We didn’t get to see much of Loki in Avengers: Endgame, but his brief appearances showed that the character remains one of the most charismatic in the Marvel Cinematic Universe. Loki disappearing from The Avengers-era New York with the Tesseract has led to some fevered speculation over what this means for him and the wider Marvel timeline, and now, we finally have some answers, with Joe and Anthony Russo explaining how the Space Stone will affect Tom Hiddleston’s trickster god.
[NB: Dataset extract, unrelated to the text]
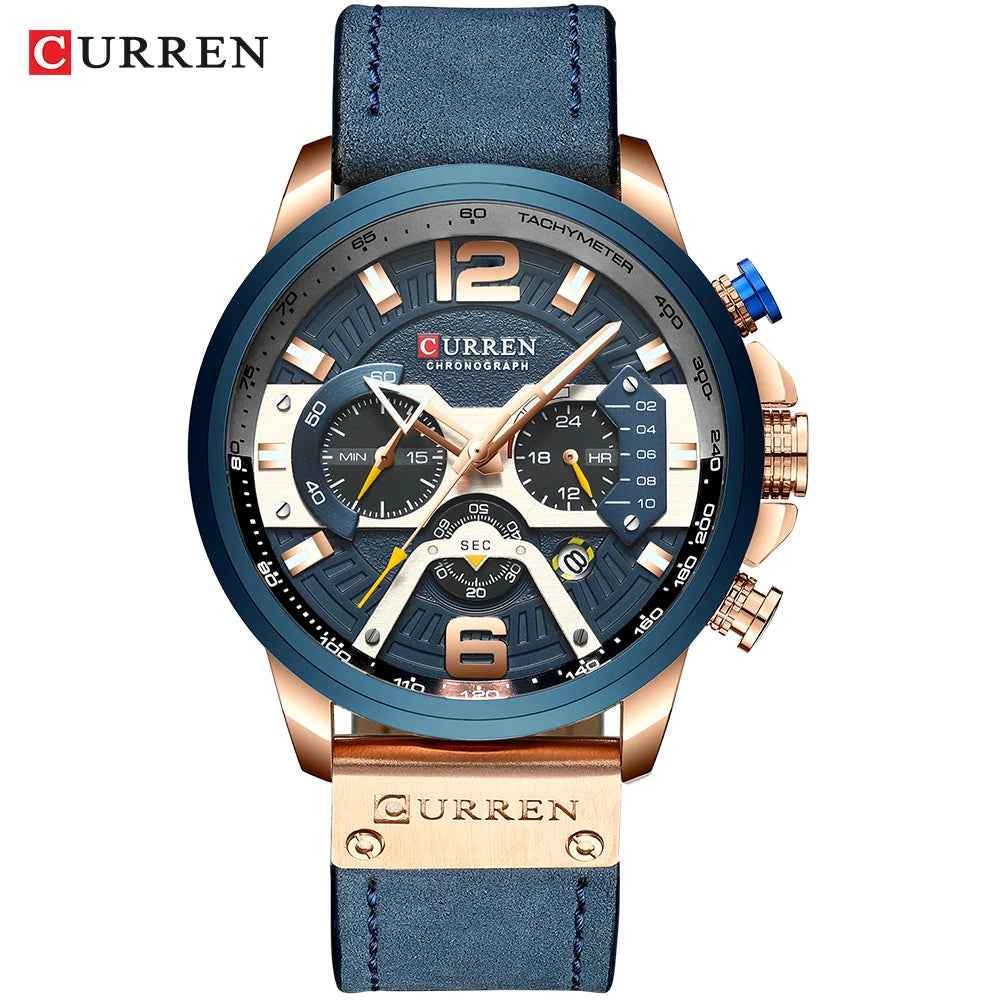 2021 Luxury Men’s Watch – Blue Leather Chronograph, Waterproof Sport Watch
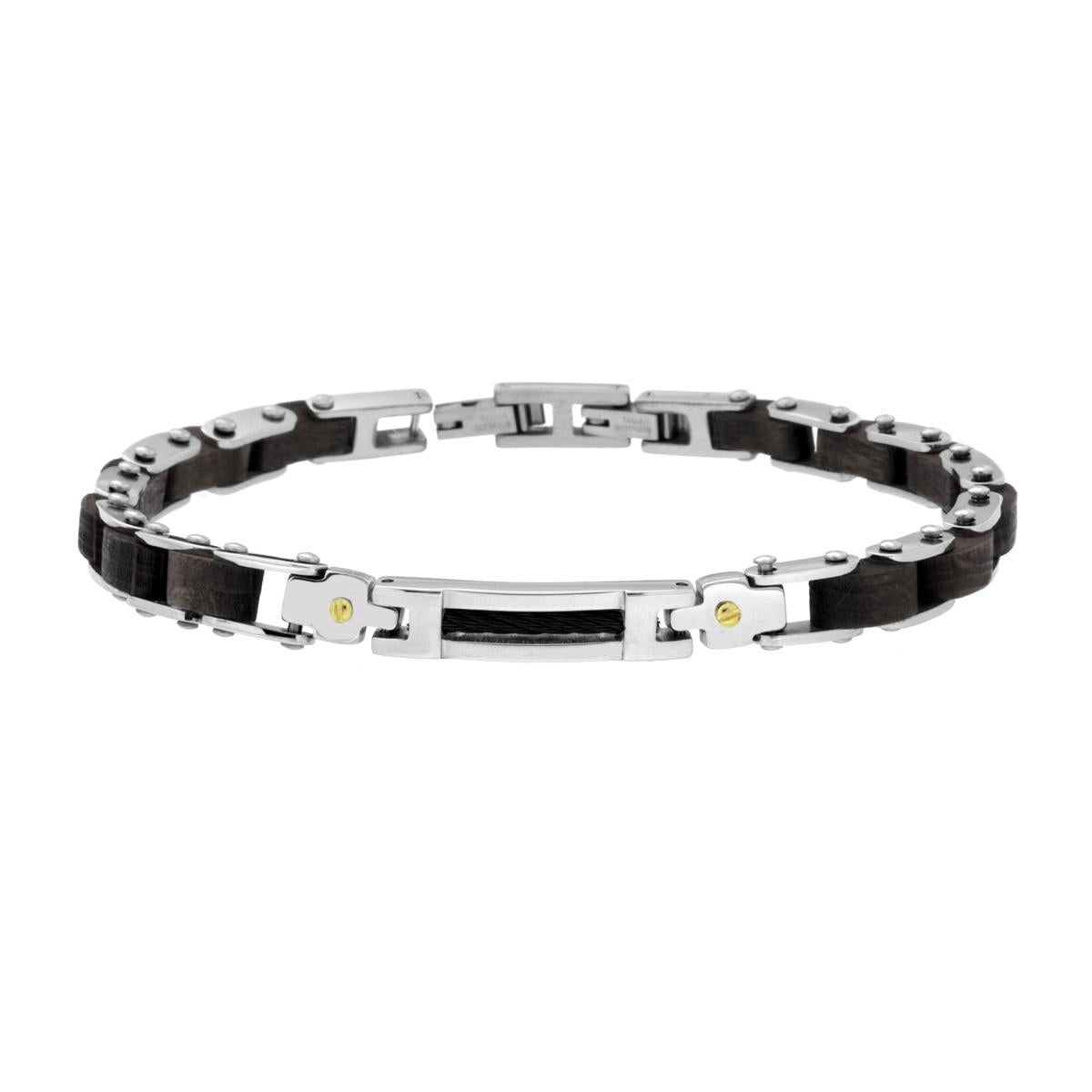 Bracciale Uomo Maglia Imperniata in Legno Nero e Targa in ACCIAIO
Joe recently commented that the intention was Loki would “correct the past timelines at the point that the stones left,” saying:
“Loki, when he teleports away with the Time Stone, would create his own timeline. It gets very complicated, but it would be impossible for [Cap] to rectify the timeline unless he found Loki. The minute that Loki does something as dramatic as take the Space Stone, he creates a branched reality.”
All this seems to set up the upcoming Loki television series on Disney’s new streaming platform, with the Space Stone being used to give the character relative freedom to bounce between different alternate timelines.
The multiverse idea is one that should give Marvel the means to tell stories that the events of the recent MCU films have touched on, including a WandaVision series with Scarlet Witch and Vision. However, the time travel gambit is one that already required lengthy reshoots on Avengers: Endgame, as well as some intense debates over the implications of Steve Rogers’ alternate timeline.
I’m all for time travel if it serves the story, but taken too far and the concept becomes a get out clause for Marvel writers, whereby anything that doesn’t quite make sense can be justified as an ‘alternate timeline.’ This takes us dangerously close to “a wizard did it” territory. What I would love to see is the MCU multiverse actually doubling down on the chaos of alternate timelines, much as DC has done so with its many ‘Crisis’ storylines. After all, multiple timelines and versions of characters is an intriguing prospect, as shown in Spider-Man: Into the Spider-Verse.
In any case, Loki’s love of mischief should tie nicely into this chaos, and my hope is that the upcoming TV series will see him do some damage to the established continuity of Avengers: Endgame, making the character’s journey a dark version of Quantum Leap where he basically messes up Marvel’s history.